Preferisco non interpretare la situazione come una contrapposizione planetaria. Una terribile azione terroristica, perpetrata da un gruppo di fanatici, non può screditare d’un tratto la storia e la cultura di decine di Paesi, anche se questo è certamente, per tutto il mondo, un campanello d’allarme.

Quale crede che sarebbe la reazione del beato Escrivá, se oggi potesse vedere la situazione in cui si trova il mondo, nella quale ormai s’intravede anche la possibilità di clonare gli esseri umani?

L’umanità è sempre stata solerte nel tormentare se stessa. La clonazione è come un incubo: l’uomo si ubriaca del potere che gli dà la tecnica e ne fa un uso smodato, seminando intorno a sé paura e sfiducia perché, con la mancanza di etica, di morale, trovano giustificazione persino le peggiori forme di barbarie del secolo XX che tanto danno hanno provocato. Non ho dubbi che nel beato Josemaría produrrebbero un gran pena; però nel mondo di oggi molte sono le cose che susciterebbero in lui ammirazione e gioia.

Crede che sarebbe soddisfatto della sviluppo della sua Opera?

Penso di sì.
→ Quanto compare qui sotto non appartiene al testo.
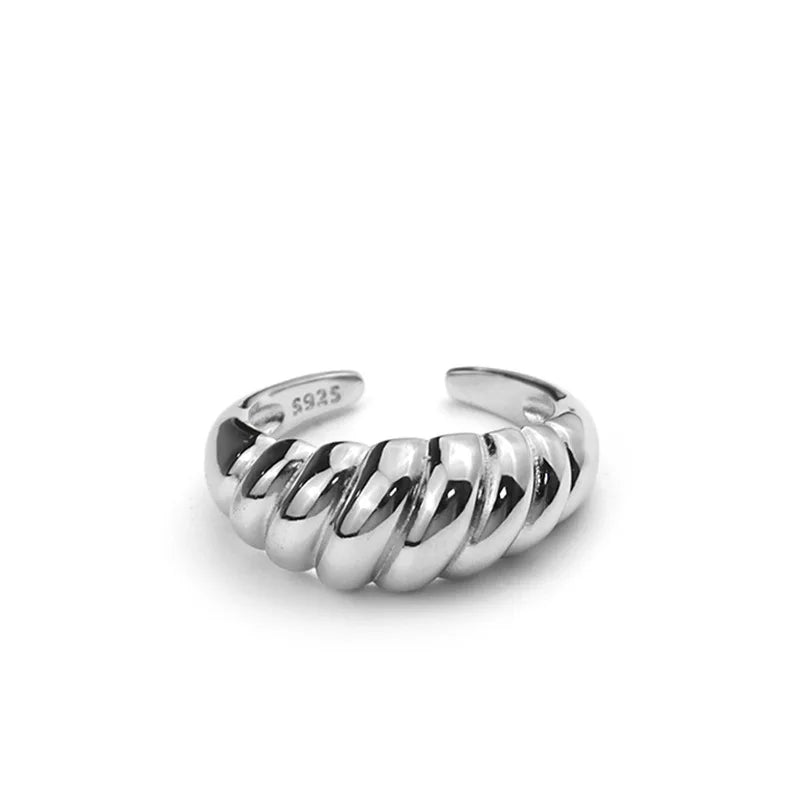 Oblique Thread Ring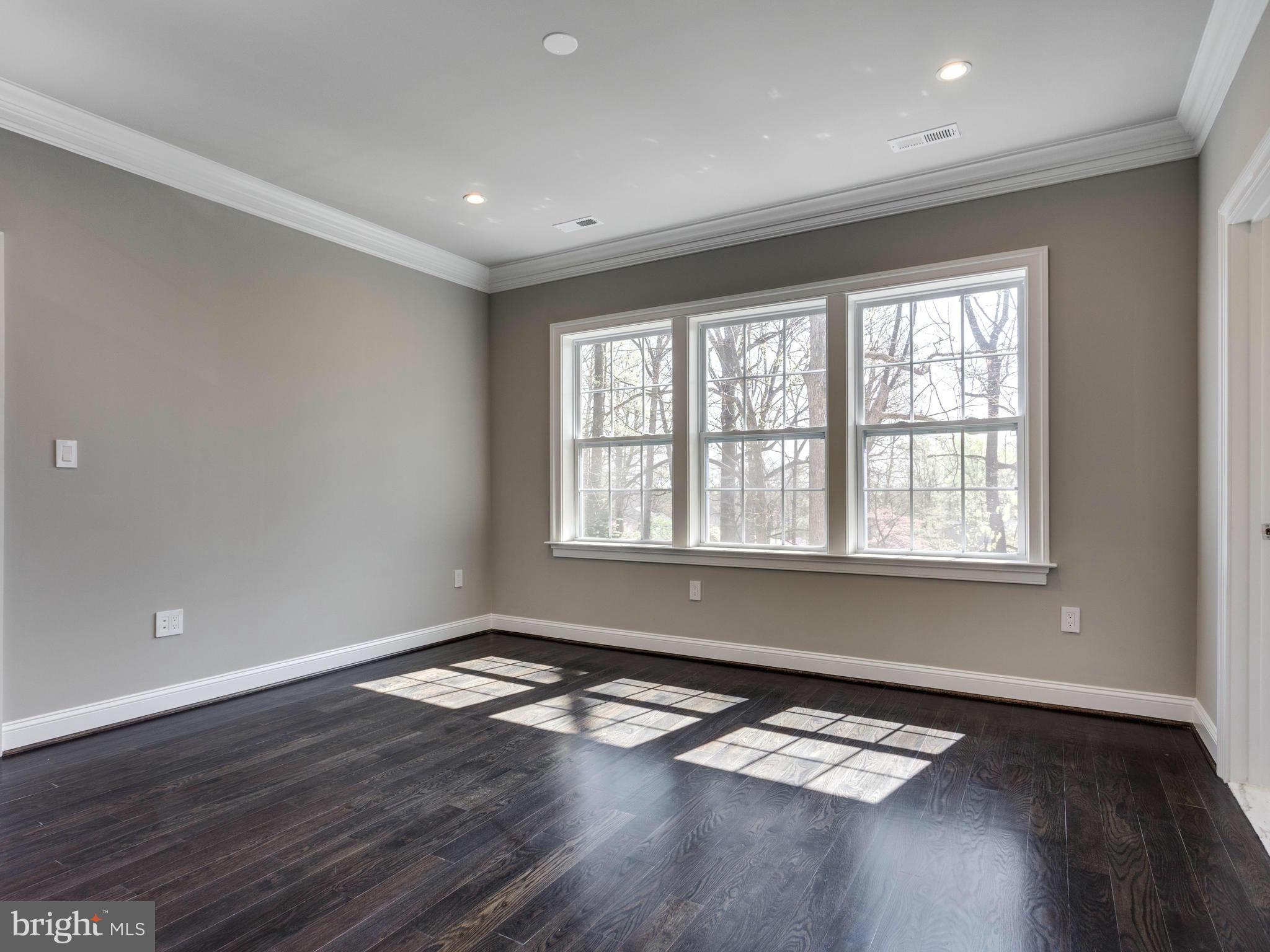 FAIRFAX ACRES - Residential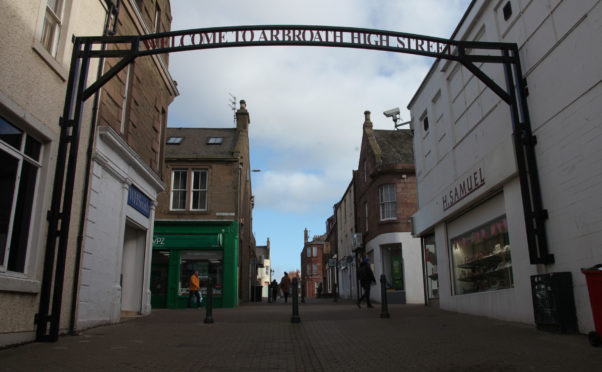 https://wpcluster.dctdigital.com/thecourier/wp-content/uploads/sites/12/2020/02/New-arch-at-Arbroath-602x372.jpg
Mi sembra che uno dei suoi grandi contributi sia stato proprio quello di stimolare i cristiani a sentirsi “seminatori di pace e di gioia”. Josemaría Escrivá aveva una grande simpatia per i santi che, secondo i loro contemporanei, erano persone dotate di buon umore, come Tommaso Moro, Filippo Neri, santa Teresa o don Bosco. Per questo andò sempre d’accordo con la gioventù.

Romana, n. 34, Gennaio-Giugno 2002, p. 93-96.